[AIM OF THE EXERCISE]
For each line below that holds the word "Luxury", make a copy.

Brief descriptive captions
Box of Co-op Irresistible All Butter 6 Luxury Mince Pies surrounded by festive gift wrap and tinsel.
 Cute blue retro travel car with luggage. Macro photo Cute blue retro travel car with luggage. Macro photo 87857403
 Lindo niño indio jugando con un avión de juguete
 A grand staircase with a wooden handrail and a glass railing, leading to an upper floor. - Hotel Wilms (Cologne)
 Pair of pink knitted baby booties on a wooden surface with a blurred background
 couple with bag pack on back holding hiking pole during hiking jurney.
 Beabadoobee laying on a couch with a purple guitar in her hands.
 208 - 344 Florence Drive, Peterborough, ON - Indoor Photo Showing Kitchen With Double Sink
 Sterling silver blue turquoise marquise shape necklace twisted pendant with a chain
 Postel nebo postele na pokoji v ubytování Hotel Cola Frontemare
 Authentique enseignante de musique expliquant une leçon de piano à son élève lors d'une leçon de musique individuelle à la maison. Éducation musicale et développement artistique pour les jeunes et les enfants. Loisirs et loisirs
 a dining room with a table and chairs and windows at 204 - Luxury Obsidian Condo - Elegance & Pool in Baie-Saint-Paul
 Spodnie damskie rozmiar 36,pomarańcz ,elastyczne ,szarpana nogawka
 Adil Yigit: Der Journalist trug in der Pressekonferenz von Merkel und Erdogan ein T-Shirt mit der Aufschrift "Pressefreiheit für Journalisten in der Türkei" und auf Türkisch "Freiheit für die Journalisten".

[EXPECTED ANSWER]
Box of Co-op Irresistible All Butter 6 Luxury Mince Pies surrounded by festive gift wrap and tinsel.
 a dining room with a table and chairs and windows at 204 - Luxury Obsidian Condo - Elegance & Pool in Baie-Saint-Paul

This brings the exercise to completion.